Understanding Extended Reality Technology & Data Flows: XR Functions
This post is the first in a two-part series on extended reality (XR) technology, providing an overview of the technology and associated privacy and data protection risks.
See the bottom of the page for FPF’s infographic, “Understanding Extended Reality Technology & Data Flows.”
Today’s virtual (VR), mixed (MR), and augmented (AR) reality environments, collectively known as extended reality (XR), are powered by the interplay of multiple sensors, large volumes and varieties of data, and various algorithms and automated systems, such as machine learning (ML). These complex relationships enable functions like gesture-based controls and eye tracking, without which XR experiences would be less immersive or unable to function at all.
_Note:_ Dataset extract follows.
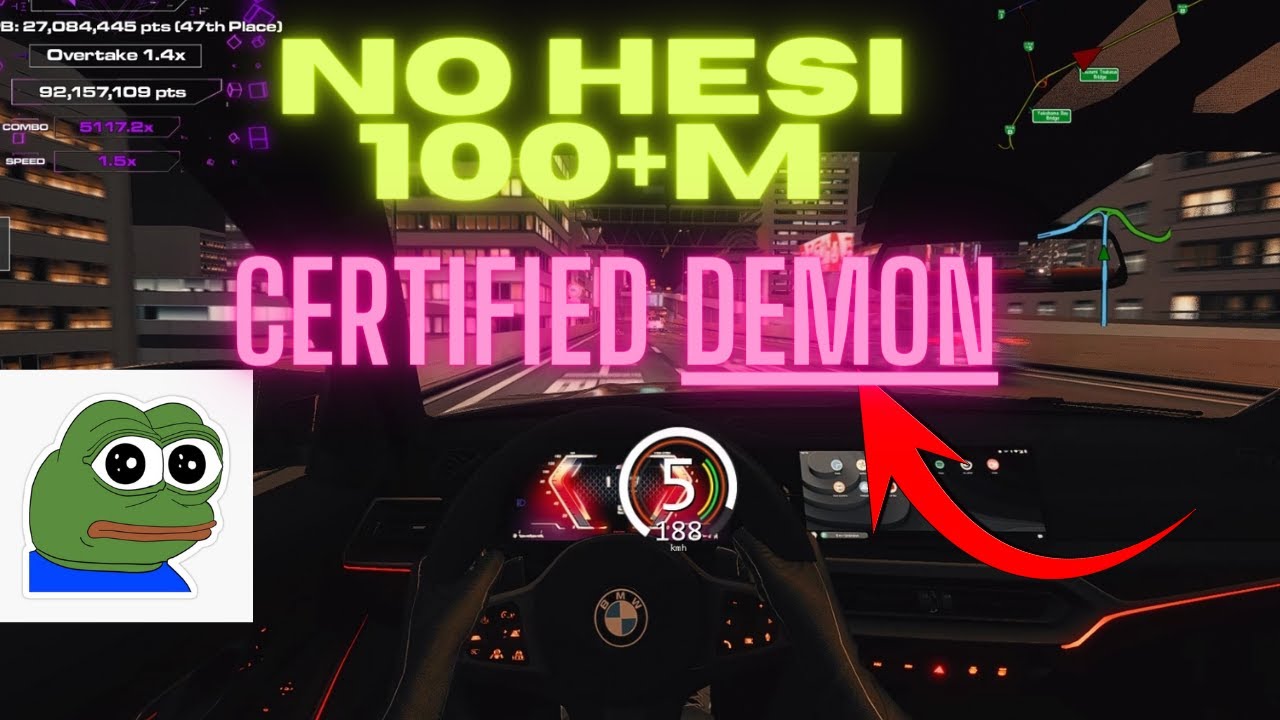 We Finally Got CERTIFIED DEMON (100.000.000+) in No Hesi | Assetto Corsa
However, these experiences often depend on sensitive personal information, and the collection, processing, and transfer of this data to other parties may pose privacy and data protection risks to both users and bystanders.
This blog post analyzes the XR data flows that are featured in FPF’s infographic, “Understanding Extended Reality Technology & Data Flows.” This post focuses on some of the functions that XR devices support today and may support in the near future, analyzing the kinds of sensors, data types, data processing, and transfers to other parties that enable these functions. The next blog post will identify some of the privacy and data protection issues that XR technologies raise.
II. XR Functions
XR devices use several sensors to gather personal data about users and their surroundings. Devices may also log other types of data: data about a person’s location when the device connects to GPS, cell towers, or other connected devices around it; data about the device’s hardware and software; and usage and telemetry data. Devices utilize this data and may further transfer it to enable a variety of functions, which are the technologies that power use cases. For example, eye tracking is a function that enables the use case of optimized graphics.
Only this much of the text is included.